In the end, for me the value of running is in the positivity that it perpetuates. Even when the world is too scary a place, running helps me out of the door and gets me back in search of the good feelings and empowerment that push all of the obsessive thoughts and strange habits to the side. When real life becomes difficult to deal with through stress or sadness or whatever, my OCD is the first thing to raise its ugly head; keeping positivity in check through running has been the best way to push the lid down on it, and running is the easiest and most reliable way to do that.

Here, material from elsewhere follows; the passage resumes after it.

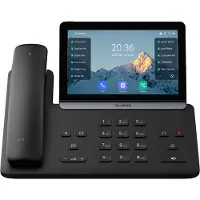 Yealink SIP-T88W Pro - VoIP-telefoon met nummerweergave/doorschakelfunctie - IEEE 802.11a/b/g/n/ac/ax (Wi-Fi)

Of course, this experience applies only to me. I’m not saying that running is a cure for OCD – I would be the first to know if it was – but that the positive vibes that I find when I’m running have helped me no end. It gets the bad thoughts moving and replaces them with good ones. It pushes me to an edge where contamination is less important. And it somehow creates a space where I am safe to forget all of the things that I’ve decided are true – it gives me a world without all of those rules and routines, and I’m endlessly grateful for that.